Q: Would a scratch layer have helped?  Is there any easy way to tuck point or fill in these undesirable joints?

2) Mason spent three partial days on the indoor portion of the project, instead of finishing it in one or two days.  The colored mortar doesn't match well in some spots.  I even provided a $20 veterinary measuring cup so that he wouldn't run into color-matching issues.  Apparently, the mortar was still mixed with a different recipe each day.
Q: Can the lighter mortar be stained darker to match the darker mortar?

3) The box of stone veneer has some generic-looking stones and some interesting unique-looking stones.  There is one large, interesting stone that is used THREE times on the main face of the wall.  This bothers me.
Q: Can one or two of them be airbrushed to give them a darker tone and/or alter their appearance?  Is there any trade that specializes in such a thing?

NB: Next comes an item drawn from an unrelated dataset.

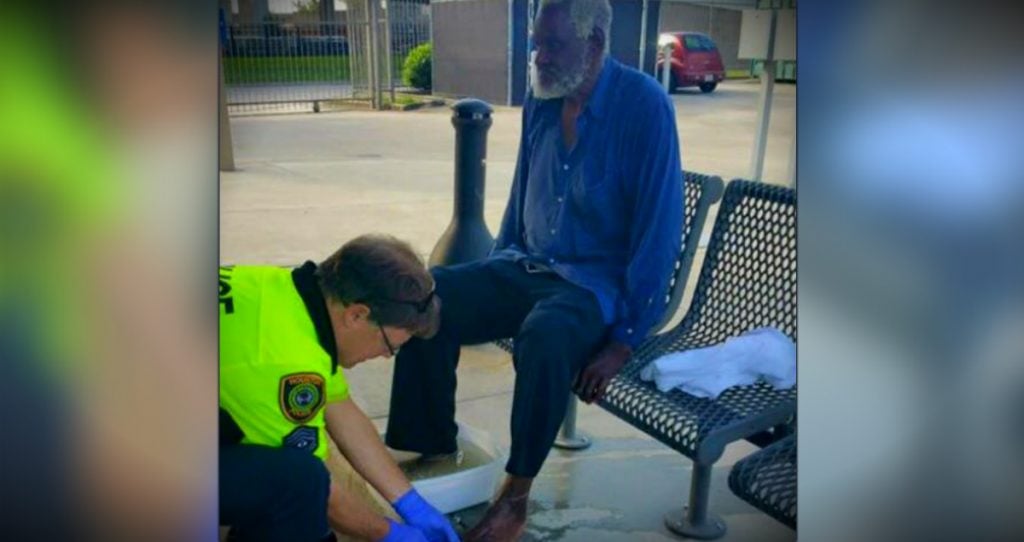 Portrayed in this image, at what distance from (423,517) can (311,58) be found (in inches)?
37.1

4) I assumed that when the stone veneer includes corner pieces, that all professional masons would understand that all corners should be covered with a corner piece, and that it is not acceptable to use flats in the corners. I came home during lunch to see how it was going, and noticed two corners with flats, so I told him to fix this as soon as I noticed it.  Though after seeing the job he did on the fix, I told him to leave the other corner as-is.
Q: Am I wrong to assume that flats should not be placed in the corners?

I have not paid for the work yet, only the materials.  I attached pictures so that you can see the details of what I am explaining.


----------



## nealtw (Nov 4, 2016)

If he was going over backer board the scratch coat is not needed.
Random is the hardest pattern to obtain. If I paid for corners I would not be happy with flat corners and all gaps should be full.
I can't comment on colours.


----------



## DIYer2015 (Nov 4, 2016)

No backer board, he used wire lath (mesh) nailed to the plywood.


----------



## bud16415 (Nov 4, 2016)

I will offer my honest opinion as that is what I would want to hear if this was my project. 

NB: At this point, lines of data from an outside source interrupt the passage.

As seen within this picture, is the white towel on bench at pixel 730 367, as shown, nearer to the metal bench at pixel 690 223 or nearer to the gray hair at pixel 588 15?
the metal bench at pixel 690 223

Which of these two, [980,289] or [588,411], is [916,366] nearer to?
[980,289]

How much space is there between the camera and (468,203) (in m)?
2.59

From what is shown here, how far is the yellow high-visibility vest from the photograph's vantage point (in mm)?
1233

I have a different level of expectation and acceptance based around if this was a DIY project or done by a &#8220;professional&#8221;. If you had said this was a DIY I would have said nice work. Even if you had done it yourself and that was your best effort I&#8217;m sure you would feel good about the project and enjoy it for many years to come. 

I feel a pro job should rise to a higher level of acceptance and quality in all things. He came to you with that level of advertised expectations and I don&#8217;t see it in the work. it is not awful but IMHO it should be much better and you have every right to withhold payment until you are happy. I don&#8217;t see your complaints as nit picking in the least and if I did I would tell you so. 

The joints should all be finished and they should all match in color and how they are struck. 
The random pattern should be done in a way that it looks random and having the exact same stone so close to the same piece just draws attention that the stone isn&#8217;t real and it should look more real than that. 

Likewise something should have been done so that the thin side edges in the opening are not shown. This would depend on how the work was explained it would be done in the beginning. On the rare times I hire someone I make it abundantly clear in advance what I expect with these kinds of details. Then there is no question in the end. 

If he is a pro he should be able to fix all the problems you mentioned. The edges exposed will be the one area he might want to get creative with fixing. 

Let&#8217;s see what others have to say.


----------



## nealtw (Nov 4, 2016)

DIYer2015 said:


> No backer board, he used wire lath (mesh) nailed to the plywood.



I don't know , I always see scratch coat over mesh.


----------



## Mastercarpenty (Nov 4, 2016)

I've seen both ways and I've seen cultured stone come off- the stone separates from the rest- so I'm not sure it matters. 

As to appearance, if you didn't specify something it may be a sticking point but a real Pro will re-do it just to make you happy, but if more materials are needed that will be on you. The approach I'd take is to first reject the multicolored mortar and the corners and once that's agreed to be wrong then I'd address the rest. To fix the mortar and the corners will nearly be a complete re-do anyway so the rest will actually make the whole job easier, just demo it all and have at it. If the results are pleasing this time round give the guy a tip to help cover the extra work. 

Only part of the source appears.